Где-то за школой, в дальнем конце села, жалобно, будто голодная, завыла собака, и все ее побратимы, что несли по дворам свою извечную службу, подняли суматошный, раскатистый в чистом вечернем воздухе перебрех.

— Кость не поделили, что ли? — недоуменно заметила Юлька. — А уже пора угомониться. И зверю, и человеку. — Огляделась вокруг. — Ночка ложится. Тихая.

Егор помолчал, вслушиваясь в тишину, и Юлька не то спросила, не то вспомнила свою заботу:

— Пойду постелю.

Он придержал ее за руку:

— Рано еще.

Юлька внимательно поглядела ему в лицо и поняла сразу, что придержал он ее не потому, что рано, — какое-то глубокое внутреннее чувство, какая-то нерешительность, неуверенность сковывала его и сейчас, в эту минуту, и раньше, с тех пор, как встретились на плоту. Такого Егора трудно было понять. «Ведь не мальчик, — думала Юлька. — И не первый раз видимся. Не чужие. Все между нами ясно-ясненько».

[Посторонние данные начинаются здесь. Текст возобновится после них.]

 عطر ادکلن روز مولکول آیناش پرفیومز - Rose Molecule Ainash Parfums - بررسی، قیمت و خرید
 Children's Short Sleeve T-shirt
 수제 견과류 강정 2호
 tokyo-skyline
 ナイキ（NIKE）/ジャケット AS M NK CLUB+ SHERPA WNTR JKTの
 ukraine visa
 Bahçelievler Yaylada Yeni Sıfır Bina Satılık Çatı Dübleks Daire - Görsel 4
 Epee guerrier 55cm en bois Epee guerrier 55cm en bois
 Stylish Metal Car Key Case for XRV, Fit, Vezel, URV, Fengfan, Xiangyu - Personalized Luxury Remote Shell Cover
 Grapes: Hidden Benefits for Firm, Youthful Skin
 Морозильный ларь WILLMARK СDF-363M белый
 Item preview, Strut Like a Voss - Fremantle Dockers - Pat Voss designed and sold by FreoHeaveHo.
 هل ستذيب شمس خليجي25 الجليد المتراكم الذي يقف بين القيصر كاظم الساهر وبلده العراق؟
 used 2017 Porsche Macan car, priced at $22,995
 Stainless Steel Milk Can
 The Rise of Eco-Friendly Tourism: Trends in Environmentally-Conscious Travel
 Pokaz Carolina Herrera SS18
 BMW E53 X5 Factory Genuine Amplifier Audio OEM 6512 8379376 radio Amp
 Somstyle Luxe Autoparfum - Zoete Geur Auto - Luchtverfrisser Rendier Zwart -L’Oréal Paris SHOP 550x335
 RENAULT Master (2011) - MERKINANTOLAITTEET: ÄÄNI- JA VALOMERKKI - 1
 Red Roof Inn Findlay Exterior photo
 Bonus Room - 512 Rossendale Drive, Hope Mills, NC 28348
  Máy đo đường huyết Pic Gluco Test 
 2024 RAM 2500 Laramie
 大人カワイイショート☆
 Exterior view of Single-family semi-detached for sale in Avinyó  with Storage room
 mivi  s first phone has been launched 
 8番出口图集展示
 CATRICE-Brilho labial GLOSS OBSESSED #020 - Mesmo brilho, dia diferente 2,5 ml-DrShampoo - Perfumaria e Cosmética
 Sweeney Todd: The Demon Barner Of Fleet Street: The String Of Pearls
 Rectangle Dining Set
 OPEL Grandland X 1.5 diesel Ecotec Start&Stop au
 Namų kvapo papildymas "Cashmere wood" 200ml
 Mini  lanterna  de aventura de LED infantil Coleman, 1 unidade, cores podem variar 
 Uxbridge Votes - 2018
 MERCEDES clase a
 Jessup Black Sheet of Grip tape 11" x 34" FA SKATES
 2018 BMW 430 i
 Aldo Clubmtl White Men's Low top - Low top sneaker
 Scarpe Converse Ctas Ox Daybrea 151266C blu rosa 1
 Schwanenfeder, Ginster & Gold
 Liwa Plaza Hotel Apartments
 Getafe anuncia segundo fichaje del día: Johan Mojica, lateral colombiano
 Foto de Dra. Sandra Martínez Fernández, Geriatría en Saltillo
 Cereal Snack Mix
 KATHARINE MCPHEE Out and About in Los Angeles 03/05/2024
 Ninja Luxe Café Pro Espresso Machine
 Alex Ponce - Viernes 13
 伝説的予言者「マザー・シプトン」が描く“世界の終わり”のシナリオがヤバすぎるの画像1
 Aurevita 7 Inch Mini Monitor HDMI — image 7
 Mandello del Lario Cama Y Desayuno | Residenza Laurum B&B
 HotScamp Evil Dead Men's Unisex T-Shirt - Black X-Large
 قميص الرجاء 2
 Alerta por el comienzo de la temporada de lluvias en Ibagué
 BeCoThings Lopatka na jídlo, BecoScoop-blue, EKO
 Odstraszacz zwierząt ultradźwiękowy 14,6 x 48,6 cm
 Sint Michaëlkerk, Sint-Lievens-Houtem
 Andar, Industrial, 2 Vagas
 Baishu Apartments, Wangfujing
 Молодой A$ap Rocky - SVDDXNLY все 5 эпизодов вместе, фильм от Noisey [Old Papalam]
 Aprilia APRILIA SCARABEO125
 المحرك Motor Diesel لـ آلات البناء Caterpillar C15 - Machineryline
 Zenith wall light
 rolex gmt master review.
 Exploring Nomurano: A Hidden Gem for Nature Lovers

Чувство не подводило Юльку.

Еще днем, когда она села на плот и, сбросив мокрые туфли, на коленях сушила подол платья, да и позже, когда он сошел в Ковалевке на берег, брел огородами к материной хате, оглядываясь на реку, на плот, и еще позже — когда стоял у Малахова колодца, у кузнечных ям со ржавой рудой, когда видел с берега, как из-за речного поворота на плоту выплывает Юлька, сидя у костра, — тогда еще, в те минуты, он с волнением и радостью понял, что день выдался необычный в их жизни, в жизни его и Юлькиной, что необычными для них будут и этот рейс на плоту, и река, и берега, и вся земля окрест, и все небо над ними, и что-то великое свершится под этим небом сегодня. Он ждал этого свершения с долгим, от Дубравенки до Селища, волнением, и чем дальше плыл плот, тем волнение все меньше было сладким, легким, все больше в нем было какой-то тревоги. Он сам понимал, что вот эта неясная тревога и была причиной того, что он покидал плот, сходил на берег, на берегу искал каких-то встреч, разговоров, будто в этих встречах и разговорах мог прийти в какое-то равновесие, будто, оказавшись один в природе, мог прийти к ясности в мыслях и чувствах. Но все это было не так. Мысли и чувства, которые пришли к нему с появлением Юльки, не только не угасали — вместе с ним, с плотом, они совершали свой путь по реке, и этот путь, казалось, не имел над собой ничьей власти, совершался так, как ему было велено где-то раньше, кем-то свыше. Вот так и волнение пришло. И тревога. Особенно тогда, когда Юлька призналась, что везет в райцентр за явление о разводе. «Заявление — ну и что? — думал Егор. — Молодец, что решилась. Давно надо было. Теперь будет яснее и у нее, и… не только у нее». Что-то, конечно, с этим заявлением кончалось, но что-то значительное и начиналось, начиналось не только для нее, Юльки, но и для него, Егора. Он это сразу почувствовал. Сразу обрадовался. Но и… растерялся? Да нет! Это здорово, что решилась, думал он уже с торжеством, но чем дольше думал, тем настойчивее до его слуха доносился знакомый гул мотоцикла, который он вроде бы слышал сегодня в Дубравенке, на берегу, когда вязал плот, и еще… еще этот гул — давно знакомый — был слышен по вечерам в Ковалевке когда-то, когда в этом гуле таял Юлькин молодой смех. Неужели тот самый?.. Да нет. Показалось.